What the task requires - Pull every line containing "Women" from the entries.

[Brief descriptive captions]
######

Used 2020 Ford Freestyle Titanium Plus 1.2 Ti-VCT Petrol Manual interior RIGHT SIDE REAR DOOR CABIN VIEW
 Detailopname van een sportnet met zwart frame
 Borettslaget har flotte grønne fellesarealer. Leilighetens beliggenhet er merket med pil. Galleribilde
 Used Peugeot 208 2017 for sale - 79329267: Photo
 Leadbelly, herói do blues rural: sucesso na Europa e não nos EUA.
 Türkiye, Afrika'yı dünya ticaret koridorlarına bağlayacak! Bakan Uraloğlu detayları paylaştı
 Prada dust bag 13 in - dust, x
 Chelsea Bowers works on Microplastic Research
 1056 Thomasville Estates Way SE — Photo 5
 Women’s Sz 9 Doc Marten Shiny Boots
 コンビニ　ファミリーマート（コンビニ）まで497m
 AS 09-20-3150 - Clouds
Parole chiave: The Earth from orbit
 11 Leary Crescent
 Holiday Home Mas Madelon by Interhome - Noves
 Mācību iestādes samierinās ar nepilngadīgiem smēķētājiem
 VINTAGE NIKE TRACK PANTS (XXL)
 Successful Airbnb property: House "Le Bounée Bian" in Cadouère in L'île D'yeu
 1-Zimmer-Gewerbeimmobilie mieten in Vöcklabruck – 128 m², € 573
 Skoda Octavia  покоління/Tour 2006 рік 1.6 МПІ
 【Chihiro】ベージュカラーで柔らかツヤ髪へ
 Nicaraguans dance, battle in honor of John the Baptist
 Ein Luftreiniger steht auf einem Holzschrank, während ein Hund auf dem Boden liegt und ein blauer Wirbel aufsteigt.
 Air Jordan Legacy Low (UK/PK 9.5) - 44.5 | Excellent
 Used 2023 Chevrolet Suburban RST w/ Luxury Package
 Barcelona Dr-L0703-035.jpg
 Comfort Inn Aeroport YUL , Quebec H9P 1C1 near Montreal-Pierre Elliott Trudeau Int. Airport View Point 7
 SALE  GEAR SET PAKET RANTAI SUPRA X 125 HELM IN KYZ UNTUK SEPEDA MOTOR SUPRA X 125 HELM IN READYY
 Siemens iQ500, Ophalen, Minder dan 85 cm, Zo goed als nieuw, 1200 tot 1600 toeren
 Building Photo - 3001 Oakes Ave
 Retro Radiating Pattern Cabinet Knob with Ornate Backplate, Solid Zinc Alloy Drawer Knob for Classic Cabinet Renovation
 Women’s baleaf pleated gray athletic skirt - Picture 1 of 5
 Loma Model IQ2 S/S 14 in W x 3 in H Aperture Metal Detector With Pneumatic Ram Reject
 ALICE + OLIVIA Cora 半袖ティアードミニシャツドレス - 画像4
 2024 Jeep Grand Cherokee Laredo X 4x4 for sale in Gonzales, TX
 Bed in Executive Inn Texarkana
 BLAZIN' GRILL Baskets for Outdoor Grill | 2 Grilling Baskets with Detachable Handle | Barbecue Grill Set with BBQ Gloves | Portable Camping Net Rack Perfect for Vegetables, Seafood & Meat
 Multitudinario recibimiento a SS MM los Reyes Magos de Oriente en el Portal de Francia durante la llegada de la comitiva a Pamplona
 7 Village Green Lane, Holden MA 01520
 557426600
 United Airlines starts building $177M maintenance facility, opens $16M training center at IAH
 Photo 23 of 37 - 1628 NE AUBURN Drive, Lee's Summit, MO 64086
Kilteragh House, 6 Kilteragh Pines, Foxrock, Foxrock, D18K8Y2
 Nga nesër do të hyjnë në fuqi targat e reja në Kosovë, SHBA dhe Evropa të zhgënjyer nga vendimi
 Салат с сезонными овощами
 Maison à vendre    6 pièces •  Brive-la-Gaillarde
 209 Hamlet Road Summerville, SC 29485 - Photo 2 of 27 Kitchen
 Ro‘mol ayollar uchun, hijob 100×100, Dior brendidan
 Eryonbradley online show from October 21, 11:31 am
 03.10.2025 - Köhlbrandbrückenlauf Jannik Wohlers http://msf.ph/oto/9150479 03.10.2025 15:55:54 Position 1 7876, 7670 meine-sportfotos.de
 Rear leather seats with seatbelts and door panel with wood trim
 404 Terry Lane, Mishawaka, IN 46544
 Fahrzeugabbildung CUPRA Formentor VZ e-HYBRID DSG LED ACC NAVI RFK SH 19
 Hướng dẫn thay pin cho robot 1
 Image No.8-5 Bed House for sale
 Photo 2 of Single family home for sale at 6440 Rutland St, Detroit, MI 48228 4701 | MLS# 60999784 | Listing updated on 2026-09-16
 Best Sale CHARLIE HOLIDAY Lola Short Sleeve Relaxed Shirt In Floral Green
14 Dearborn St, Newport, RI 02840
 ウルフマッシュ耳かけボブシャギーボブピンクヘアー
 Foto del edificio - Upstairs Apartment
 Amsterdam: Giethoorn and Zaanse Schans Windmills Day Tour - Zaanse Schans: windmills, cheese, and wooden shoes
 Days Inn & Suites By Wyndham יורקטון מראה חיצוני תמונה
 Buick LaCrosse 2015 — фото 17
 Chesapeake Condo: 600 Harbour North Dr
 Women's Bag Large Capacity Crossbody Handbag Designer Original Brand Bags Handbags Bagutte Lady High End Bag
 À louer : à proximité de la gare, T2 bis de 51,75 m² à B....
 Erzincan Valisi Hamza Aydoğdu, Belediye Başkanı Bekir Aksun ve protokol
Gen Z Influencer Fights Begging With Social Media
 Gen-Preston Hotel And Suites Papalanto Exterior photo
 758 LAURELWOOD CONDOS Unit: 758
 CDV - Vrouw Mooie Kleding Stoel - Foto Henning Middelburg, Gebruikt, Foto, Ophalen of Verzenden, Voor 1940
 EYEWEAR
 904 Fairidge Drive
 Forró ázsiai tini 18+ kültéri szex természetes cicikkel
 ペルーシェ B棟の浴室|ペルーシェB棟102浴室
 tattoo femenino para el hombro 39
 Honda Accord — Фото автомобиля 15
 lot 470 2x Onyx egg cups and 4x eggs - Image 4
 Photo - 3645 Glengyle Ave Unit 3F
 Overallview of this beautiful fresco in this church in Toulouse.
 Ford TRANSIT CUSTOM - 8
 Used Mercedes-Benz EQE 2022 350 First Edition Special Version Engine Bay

######

Task output -
 Women’s Sz 9 Doc Marten Shiny Boots
 Women’s baleaf pleated gray athletic skirt - Picture 1 of 5
 Women's Bag Large Capacity Crossbody Handbag Designer Original Brand Bags Handbags Bagutte Lady High End Bag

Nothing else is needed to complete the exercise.